To mark those ten years, some others from my own graduating class and I got together this past weekend at Rollie’s Wharf, a bar and restaurant in North Sydney, for a small reunion.
(I had originally created the event on Facebook, and about 37 people clicked “yes, I’ll be there”. In actual fact, about 10 showed up. Lesson learned – do not trust Facebook event counts!)
But, it was small and intimate, and really good. A few of the people there I had seen in the years since 2002, but most I hadn’t.
There was one woman I didn’t even remember ever seeing back in school, but then with a class of over 300 people, I guess that’s normal!
And there were a few whose faces I definitely remembered, but who I didn’t ever really talk to back then. That was cool, too, to chat with them and get to know them as an adult, and to realize that hey, just because I always used to see this girl with this or that particular crowd, it doesn’t mean I actually know anything about her!

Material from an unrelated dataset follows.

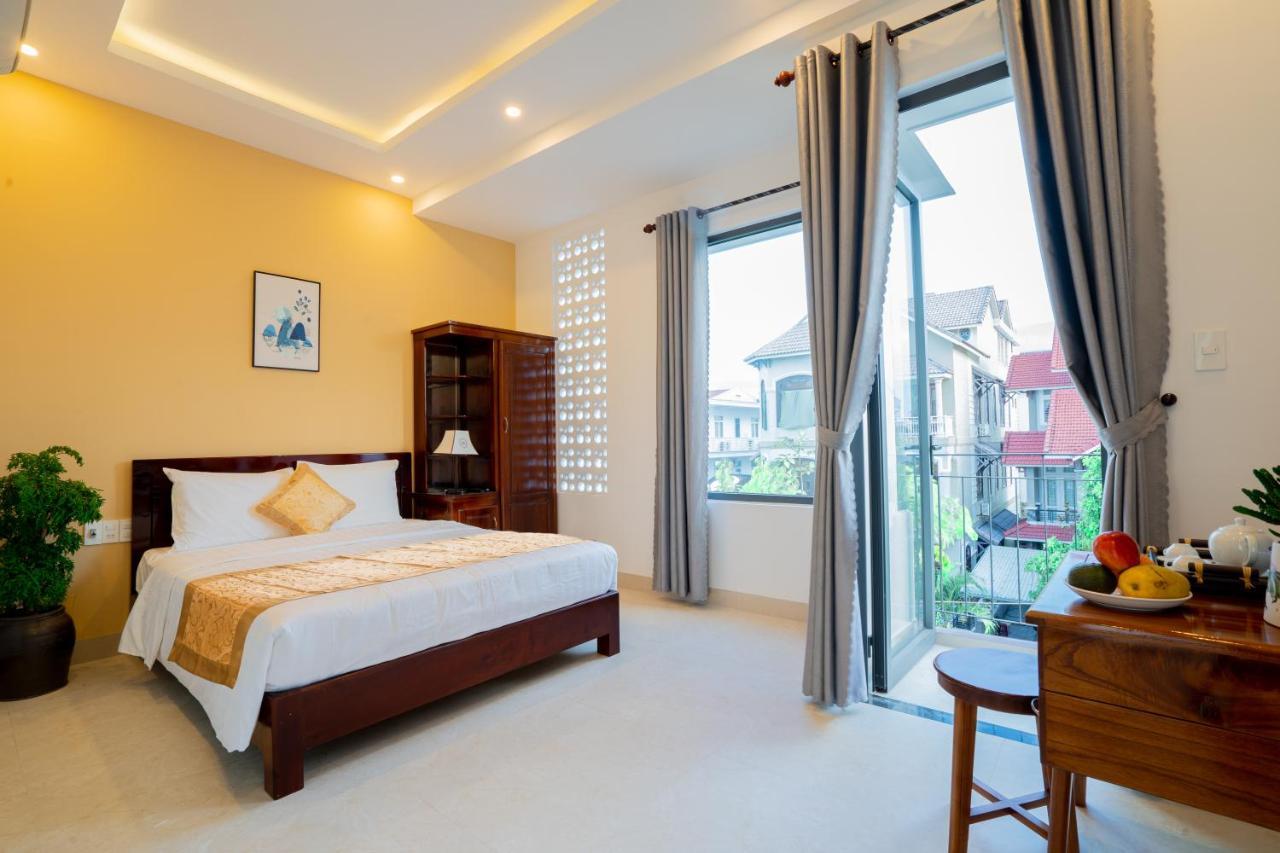Aba Travel * Hội An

Oh, assumptions. Ever present, and usually false.
A fair bit happens in ten years. Kids are born. You get married, or meet partners, or break up with partners. Get educated. Get jobs, or not, depending on the economy. It was really neat to hear about where people’s lives had taken them, and what they had been up to in those ten years. And to see their faces, and see a bit of age on them, but see ultimately the same faces. The same eyes, just a bit wiser now.
We had a few beers, ordered food, and looked at the yearbook that one of us had brought.
“Oh man, where did he end up?”
“Oh god, don’t look at my picture!”
“I wasn’t there the day they were taking pictures, I was probably skipping!”
LOL, Just wait until you get to the higher numbers, Leah.
I went to my 20th, the only one attended. I was voted most likely to go to jail in high school. But I was one of 2 who actually became a doctor. Was everybody shocked? By the bucketful. The “slick operator” in my high school class? He was driving a taxi. The Bad Boy who always wanted to fight? He got dead!
And NO, I was NOT popular in high school. I rode motorcycles and was known as one of the “Hard Guys.” Time sure does so much, including tempering all our views. I am glad to hear you so enjoyed your get together.